Pomme de terre Algérie
Pomme de terre Algérie

Des spécialistes en agriculture ont affirmé, jeudi à Guelma, que l’Algérie est capable d’assurer aux citoyens de la pomme de terre fraîche tout au long de l’année en recourant à un cycle de culture agricole alternant céréales et pomme de terre.

La feuille de route du ministère de l’Agriculture et du Développement rural vise à porter la production nationale annuelle de ce tubercule à 65 millions de quintaux d’ici 2024, contre 50 millions de quintaux actuellement, a indiqué Rabah Filali, directeur central au ministère, au cours d’une rencontre régionale tenue au siège de la Chambre locale d’agriculture consacrée au développement de la culture de la pomme de terre hors saison, regroupant des représentants de 10 wilayas dans l’Est du pays.

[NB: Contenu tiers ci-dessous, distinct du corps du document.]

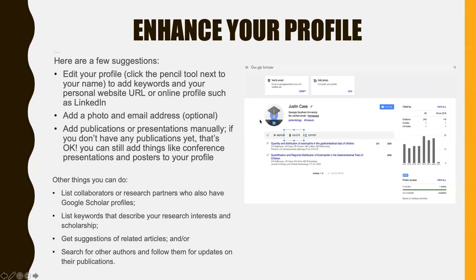You can add a photo and an email address, but those are optional. Then you can add publications or presentations manually — even if you don't have publications yet, you can still add things like conference presentations and posters to your profile. You can also list collaborators or research partners who have Google Scholar profiles, list keywords that describe your research interests and scholarship, get suggestions of related articles, and search for other authors and follow them for updates on their publications.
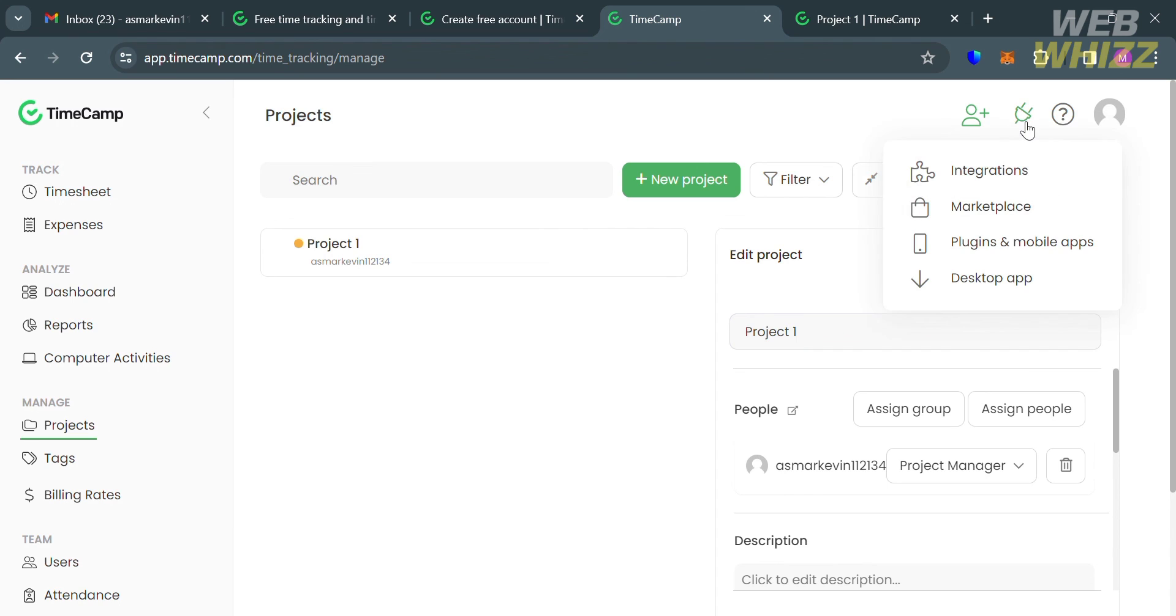By clicking this icon, it will show you your integrations, marketplace, plugins and mobile apps, and also to download the desktop app of TimeCamp. That is basically how you can use TimeCamp. Thank you.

La concrétisation de ce programme, a-t-il dit, repose sur l’exploitation idoine des terres agricoles proches des sources d’eau en produisant par alternance les céréales et la pomme de terre sur les mêmes parcelles. « Toutes les conditions existent pour mettre en œuvre cette technique pour le développement de la production nationale de la pomme de terre », a-t-il affirmé.

L’exploitation de la période creuse qui s’étale entre la fin de la campagne de moisson-battage et celle des labours-semailles pour cultiver de la pomme de terre hors saison, permettra aux Algériens d’avoir à leur disposition de la pomme de terre fraîche tout au long de l’année, a soutenu, de son côté, le président du Conseil national interprofessionnel de la filière pomme de terre, Ahcène Kedmani.

« L’alternance de ces deux cultures est importante pour améliorer la fertilité du sol et réduire le recours aux fertilisants, tout en améliorant le rendement à l’hectare des deux produits », a relevé M. Kedmani, avant d’ajouter que le système d’alternance permettra l’augmentation de la production du pays en pomme de terre hors saison destinée à la consommation ou pour servir de semences.

Dans le programme de développement de la pomme de terre, l’accent est également mis sur l’augmentation du pourcentage d’utilisation des semences locales qui constitue un facteur important à même de garantir la régularité de la production avec un prix à la portée du consommateur du fait que les semences représentent 40 % du coût de revient à l’hectare, a affirmé M. Kedmani considérant que dans les conditions actuelles, le prix du kilogramme de ce tubercule « ne peut baisser au-dessous de 35 voire 40 DA ».

Les producteurs de la pomme de terre venus de plusieurs wilayas dans l’Est du pays ont soulevé, durant cette rencontre, les facteurs entravant le développement de la filière, dont l’insuffisance des ressources hydriques, la mauvaise organisation s’agissant de l’utilisation des eaux souterraines pour l’irrigation agricole, l’insuffisance des structures de stockage et la faible mécanisation.